I actually have a Due that I've been programming. It is exactly as accessible as the extremely approachable UNO. Reading ADCs and DIO is the simple analogRead(pin) format you want, without messing with registers. The board and IDE exist and there's a lot of experience with the Arduino IDE out there already.

I work in engineering development where we often use matlab to prototype applications. Even with GHz PC processors and FPUs we usually wind up with C code for the speed. I expect a matlab like platform would be painfully slow on anything less than a current desktop, because that determines our tolerance for delay.

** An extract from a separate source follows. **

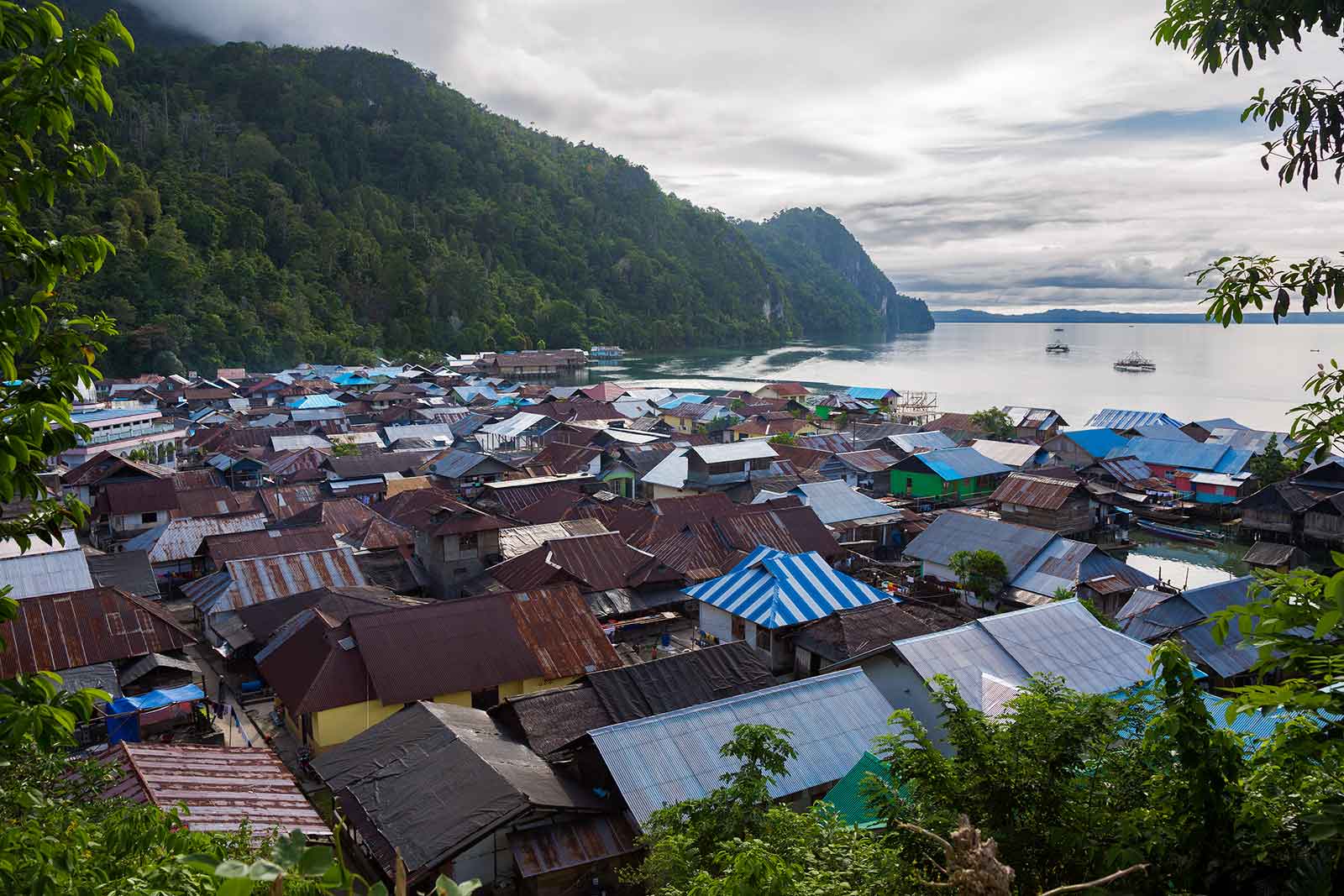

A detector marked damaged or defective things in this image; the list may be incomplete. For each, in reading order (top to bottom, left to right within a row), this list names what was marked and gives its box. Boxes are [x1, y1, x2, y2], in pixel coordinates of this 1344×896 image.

Matlab's strength is the integrated environment and interpreted code for instant gratification on debugging. You will not get that with a uC that stores it's program in non-volatile memory. An embedded system will probably continue to to have a compile and download step from a programming system running on a computer, so why not stick with proven, efficient C code for the uC specific elements and handle the abstraction in the programming system? Write your matrix algebra in the high level language of your choice and use automatic code generation to translate to C code you can take to any platform.

Integrating that compilation process to be seamless for the user is a software challenge, but it's all on the programming platform (your computer) and not a uC hardware question.

Maybe an Arduino IDE preprocessor directive like this:

#beginYourPreferredLanguage
Your Code goes here
#endYourPreferredLanguage

could send your high level code off to a C code generator. It's an open source world...

The biggest obstacle would be interpretation vs predetermined variable typing. That's what makes matlab and similar systems slow and you would need to resolve that.